Provenance & Traceability¶
muDM lets you attach a structured, machine-readable record of where your features came from — the workflows that produced them and the files (artifacts) involved — and link those records back to specific features and fields. This page shows you how to build provenance, attach it to a feature collection, and validate the result.
Two packages, one ecosystem
mudm— this package: the core data model (Pydantic v2). It is pure Python with no compiled component. Providesmudm.MuDM,mudm.model,mudm.tilemodel,mudm.transforms,mudm.layout, and the provenance models.mudm-tools— a separate package (import namemudm_tools) with the processing pipelines, tiling engines, and format converters, plus an optional Rust acceleration extensionmudm_tools._rs. Its documentation lives at https://novagenresearch.github.io/mudm-tools/.
New to the core model? Start with Getting Started and the Core data-model API. Provenance is generated automatically when mudm-tools pipelines produce processed or tiled outputs — see its 2D tiling, 3D tiling, and converters guides.
Why provenance¶
GeoJSON gives you a robust way to represent spatial features, but it has no standard mechanism for tracing data provenance — the workflows and processing steps that generate or modify those features. muDM adds an optional provenance member to a feature collection to bridge that gap.
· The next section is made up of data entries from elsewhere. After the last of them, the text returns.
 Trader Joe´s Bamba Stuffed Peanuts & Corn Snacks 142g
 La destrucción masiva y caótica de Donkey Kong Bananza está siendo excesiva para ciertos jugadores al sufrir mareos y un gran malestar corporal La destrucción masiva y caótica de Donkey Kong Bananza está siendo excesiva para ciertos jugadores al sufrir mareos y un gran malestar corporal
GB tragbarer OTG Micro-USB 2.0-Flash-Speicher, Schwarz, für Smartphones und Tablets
This stays fully backward compatible: any GeoJSON document is still valid muDM, and a muDM document with provenance is still valid GeoJSON (the extra member is simply foreign to plain GeoJSON readers). You only pay for the complexity you use — a single artifact is enough, and you can grow up to nested workflow collections when you need them.
The model is built around four goals:
- Workflow integration — link muDM features to the analytical workflows that produced them, for reproducibility and transparency.
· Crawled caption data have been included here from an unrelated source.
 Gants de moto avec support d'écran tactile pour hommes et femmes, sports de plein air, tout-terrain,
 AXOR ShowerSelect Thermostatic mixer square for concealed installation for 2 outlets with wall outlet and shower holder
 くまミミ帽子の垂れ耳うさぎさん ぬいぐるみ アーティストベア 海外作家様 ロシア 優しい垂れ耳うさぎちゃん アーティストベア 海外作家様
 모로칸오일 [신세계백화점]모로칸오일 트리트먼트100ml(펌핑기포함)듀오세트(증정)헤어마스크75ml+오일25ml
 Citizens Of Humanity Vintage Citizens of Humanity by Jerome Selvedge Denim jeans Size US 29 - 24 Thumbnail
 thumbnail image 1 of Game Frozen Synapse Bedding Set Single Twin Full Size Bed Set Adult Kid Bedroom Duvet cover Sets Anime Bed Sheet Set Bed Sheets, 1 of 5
- Flexible run tracking — capture run details (operator, duration, parameters) via free-form property dictionaries.
- Workflow and artifact linking — reference the specific workflows and files involved, giving a complete view of data processing.
- Scale to the use case — from one standalone artifact up to nested collections of workflows.
Model at a glance¶
The provenance model is composed of six objects, all importable from mudm.provenance:
| Object | Purpose |
|---|---|
Workflow |
A single workflow, optionally with nested sub-workflows and one execution record. |
WorkflowCollection |
Several workflows that together contributed to the features. |
WorkflowProvenance |
A single execution of a workflow, with run properties and output artifacts. |
Artifact |
A single file or directory (a uri), with links back to muDM features. |
ArtifactCollection |
A collection of artifacts. |
MuDMLink |
A traceability link from an artifact to a muDM feature (and optionally a field). |
Any of Workflow, WorkflowCollection, Artifact, or ArtifactCollection may serve as the top object of the provenance member on a feature collection. The MuDMFeatureCollection carries it as an optional member typed Optional[Union[Workflow, WorkflowCollection, Artifact, ArtifactCollection]]; the validator selects the correct object from its type discriminator ("Workflow", "WorkflowCollection", "Artifact", or "ArtifactCollection").
The traceability link¶
MuDMLink connects an artifact back to the muDM feature(s) it pertains to:
| Field | Type | Required | Description |
|---|---|---|---|
mudmId |
str or list[str] |
yes | The id of one or more muDM features this artifact relates to. |
mudmField |
str |
no | The specific field within the feature that is pertinent. |
If mudmField is omitted, the entire muDM feature is considered pertinent.
mudmId, not mudmTd
The field is spelled mudmId (an I, as in identifier). It accepts either a single id string or a list of id strings.
Field reference¶
| Field | Type | Required | Notes |
|---|---|---|---|
type |
"Artifact" |
yes | Literal discriminator. |
id |
str |
no | Optional identifier for the artifact. |
uri |
str |
yes | Location of the file or directory, e.g. file://path/to/image.tif. |
properties |
dict[str, str \| float \| int] |
no | Free-form metadata. |
mudmLinks |
list[MuDMLink] |
yes | Links back to the muDM features the artifact pertains to. |
| Field | Type | Required | Notes |
|---|---|---|---|
type |
"ArtifactCollection" |
yes | Literal discriminator. |
artifacts |
list[Artifact] |
yes | The contained artifacts. |
| Field | Type | Required | Notes |
|---|---|---|---|
type |
"Workflow" |
yes | Literal discriminator. |
id |
str |
no | Optional identifier for the workflow. |
properties |
dict[str, str \| float \| int] |
no | Descriptive metadata. |
subWorkflows |
list[Workflow] |
no | Nested workflows. |
workflowProvenance |
WorkflowProvenance |
no | A single execution record. |
| Field | Type | Required | Notes |
|---|---|---|---|
type |
"WorkflowProvenance" |
yes | Literal discriminator. |
properties |
dict[str, str \| float \| int] |
no | Run details: operator, duration, parameters. |
outputArtifacts |
Artifact \| ArtifactCollection |
no | What the run produced. |
| Field | Type | Required | Notes |
|---|---|---|---|
type |
"WorkflowCollection" |
yes | Literal discriminator. |
workflows |
list[Workflow] |
yes | The contained workflows. |
Use camelCase field names
On the wire, the fields are subWorkflows, workflowProvenance, outputArtifacts, mudmLinks, mudmId, and mudmField. Because the optional fields default to None, a document using snake_case keys like sub_workflows will still validate — but those values are silently dropped rather than parsed. Always use the camelCase spellings shown above.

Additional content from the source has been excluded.